With the inauguration of the new hall, the Show bid farewell to Atlantic City and contracted for both semi-annual Shows in Chicago. The fortunes of the International Housewares Show were joined with McCormick Place for the next 36 years.
The Show’s size and services continued to expand, improving its appearance and efficiency. In 1964 carpeting throughout the halls extended a welcome to buyers who rejoiced at the new walking comfort. That year also saw the first “air rights” booth as new cubic-volume regulations allowed double-decker exhibits.
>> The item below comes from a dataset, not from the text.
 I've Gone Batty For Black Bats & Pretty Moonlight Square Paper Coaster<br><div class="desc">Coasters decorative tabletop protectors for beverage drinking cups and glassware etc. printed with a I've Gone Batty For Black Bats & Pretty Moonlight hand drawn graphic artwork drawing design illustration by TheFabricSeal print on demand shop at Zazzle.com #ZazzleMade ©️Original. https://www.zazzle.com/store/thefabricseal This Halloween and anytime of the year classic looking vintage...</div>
The Show That Didn’t Happen

Late Sunday night, January 15, 1967, 1,236 exhibitors finished setting up their booths for the 13th International Housewares Show at McCormick Place, fully expecting to meet 15,000 buyers the next morning on opening day. Instead, the industry experienced its greatest catastrophe and the most strenuous test of its resolve.
Hours later, at 2 A.M., security guards detected a small fire; faulty electrical wiring had ignited storage materials in one exhibitor’s booth on the upper-level main exhibit area. The flames spread rapidly through flammable exhibit walls and materials, and although firefighters responded within 10 minutes, the mammoth building’s roof collapsed in less than one hour. Racing downward through other exhibit floors, the inferno spread throughout the building despite the efforts of 65 percent of Chicago’s Fire Department working in 16-degree cold. By the time the fire was declared extinguished at 9:46 A.M., the country’s largest exposition hall was a total loss.
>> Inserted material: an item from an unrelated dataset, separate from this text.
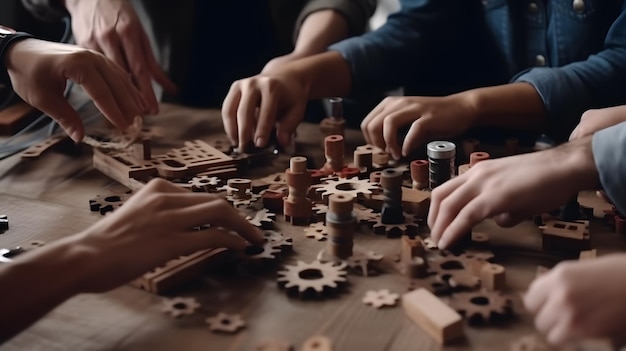 Mani di persone che giocano con pezzi di legno su un tavolo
In a few hours a year of work for the housewares industry went up in smoke. In dollar value the conflagration was more costly than the Great Chicago Fire of 1871. Had the flame erupted a few hours later when the Show was in progress, the loss of life would have been tremendous. Miraculously, only one person perished in this tragedy.
NHMA management convened at its Merchandise Mart office to mount a new Show as quickly as possible and to deal with the aftermath of the emergency. Aided by communications systems at hotels, radio stations, and TV broadcasts, buyers and sellers scrambled to find each other. Sales materials fortunately remaining in hotel rooms and product samples scooped up from Merchandise Mart showrooms and department stores had to substitute for exhibits worth thousands of dollars.
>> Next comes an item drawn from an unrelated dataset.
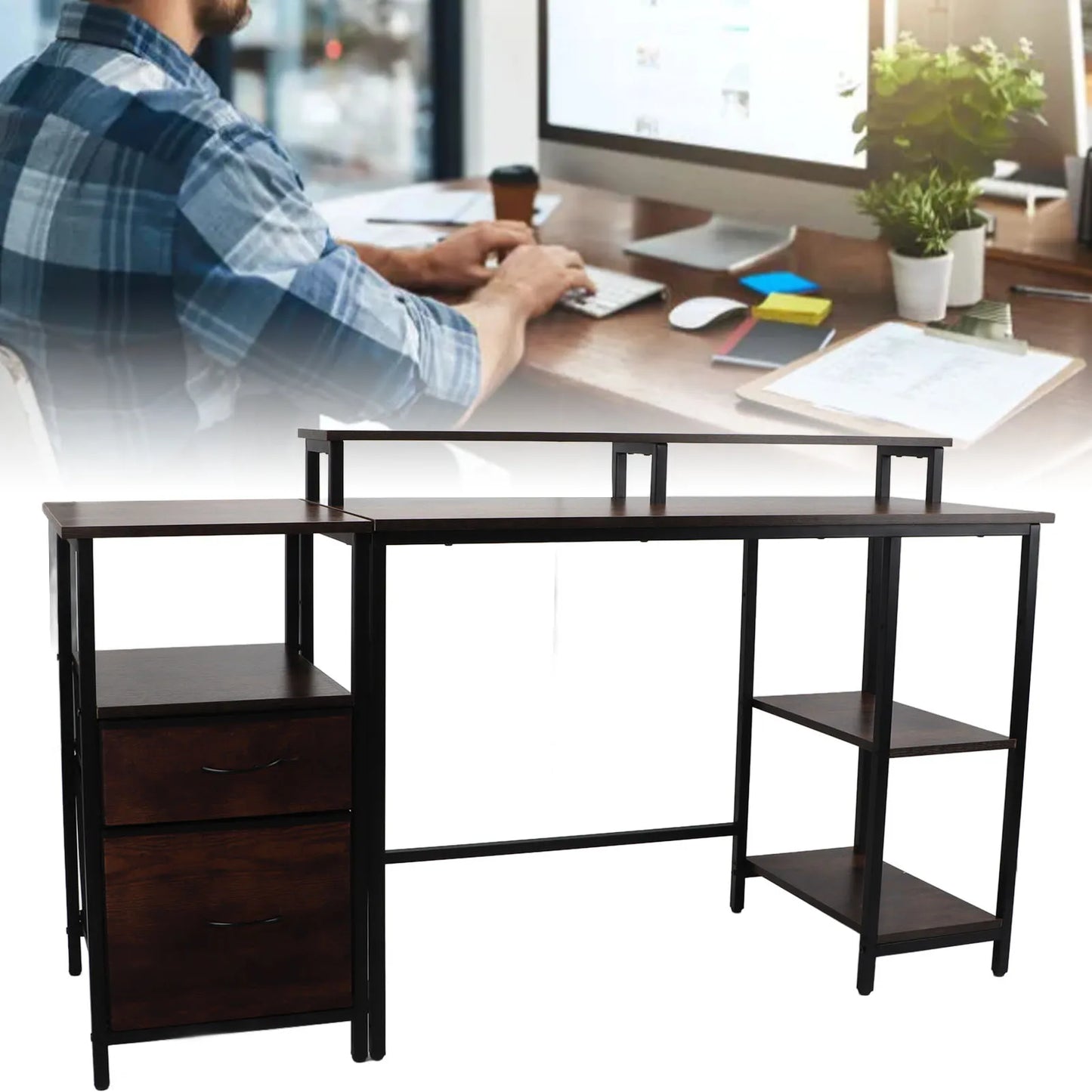 Ljustra Computer Desk with Raised Shelf Sturdy Vintage Home Office Desk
Several other cities stepped in to compete for the housewares trade show, but only Chicago had enough hotel rooms and the transportation systems to move 60,000 visitors in and out. Within a month, NHMA announced the Show would go on, at the International Amphitheatre on June 12-16.
Estimates varied on how much the disaster had affected business, but it was clear that small companies suffered the most from the loss of sales contacts.
An Era Of Change

A new McCormick Place rose from the ashes of the old, and in January 1971, the 54th International Housewares Show “came home” to inaugurate the exposition center. Three levels of exposition space, 700,000 square feet in all, replaced the former facility’s 480,000 square feet. Still, the Show needed to grow. In 1979 the West Building (Donnelley Hall) was pressed into service for new housewares exhibitors with an extra day to attract buyers. During the 1980s, adjusting to the buying cycles of major retailers; the Association experimented with Show dates in spring in Chicago and fall in Atlanta. McCormick Place’s new North building added 300,000 square feet in 1986 to a Show that occupied three buildings.
In 1991 NHMA moved to a new quarters in Rosemont near O’Hare Airport. The show changed its title several times, most notably from the “National Housewares Exposition” in the ’80s to the “International Housewares Show” in 1992, when it became a single annual January Show in Chicago. Other trade shows offered access to diverse retail channels for the great variety of housewares products. While the industry’s need for a trade show venue was served by a single event per year, NHMA developed a menu of services assisting members in the operation of their business. By 1996 the International Housewares Show ranked as the seventh largest trade event in the U.S., filling 791,000 net square feet of exhibit space. In 1997 the International Housewares Show opened in the grand new South building of the McCormick Place complex. Over 2,000 exhibitors occupied space in the nation’s largest convention hall, with newly-categorized displays in three buildings on Chicago’s lakefront. In effect, the largest Housewares Show in the world had another new home.
In 1999 recognizing the inevitable globalization of the homegoods industry, NHMA became the International Housewares Association and early in the new century rechristened the Show as the International Home + Housewares Show whose goal as confirmed by IHA’s Board and Retailer Advisory Councils is to be the complete homegoods and housewares marketplace.